Stationed for a time at Catterick Garrison and on a visit to Darlington, Jeff met Morag, a Scottish lass who became the love of his life. They married in what became Jeff’s church, Northgate United Reformed, on 2 March 1964, and after leaving the army in 1966 Jeff settled in Darlington, working for Darlington Chemical and Insulating Co (Darchem) and subsequently for Rothman’s International at their manufacturing plant in the town.
Jeff’s interest in numismatics began when he was a teenager. A collector throughout his working life, it was not until after retirement that the hobby became his passion. A gifted and enthusiastic speaker, Jeff lectured to local numismatic societies and was a keen participant in the annual Token Congress, to the extent that he attracted 59 delegates to Darlington’s Blackwell Grange Moat Hotel in 1984 for the third such gathering. In 2010 he joined forces with Mike Roberts to hold that year’s congress at Collingwood College in the city of Durham.

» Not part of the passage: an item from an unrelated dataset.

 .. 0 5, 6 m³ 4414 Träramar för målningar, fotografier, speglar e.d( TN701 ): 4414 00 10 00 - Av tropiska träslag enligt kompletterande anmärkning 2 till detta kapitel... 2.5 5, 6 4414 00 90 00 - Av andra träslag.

With an encyclopaedic knowledge and a vast numismatic library covering everything from ancient Greece to modern banknotes, it was no surprise that Jeff was in demand. He became a valuer at Tennants in Leyburn, overseeing their specialist sales of coins and medals and maintaining a close watch on their auctions of antiquarian books, which yielded several titles for the Gardiner library over the years.
Of all his numismatic interests, it was local tokens and medals where his knowledge was profound. He made a particular study of Edward Herdman, the Bishop Auckland curio dealer and lay preacher brutally murdered on New Year’s Eve 1934. Herdman was a pioneer student of English communion tokens who put together a collection numbering about 17,000 pieces. His murder, and the subsequent conviction of John Bainbridge, a Durham Light infantryman home on leave who professed his innocence to the last but was convicted and hanged at Durham Jail on 9 May 1935, was the subject of a talk that Jeff gave on many occasions. Jeff’s own contributions to local numismatics included Checks, Tokens, Tickets and Passes of County Durham and Northumberland, privately published in 1996 and aimed at helping readers understand the range of paranumismatica in the two counties known to him at that time.
Jeff died on 29 October 2015 after a short illness, at the age of 75. Sadly, Morag pre-deceased him; Jeff leaves Karl and Graham, three grandsons and two granddaughters. Like the famous numismatists from the past in the north-east who he admired – Longstaffe, Brockett, Herdman, John and Robert Bell among others – the name of Gardiner will live on via his numismatic collections; his specialist Elizabeth I series, auctioned by DNW on 16 March 2011, and those pieces and books sold by DNW during the course of the next few auctions.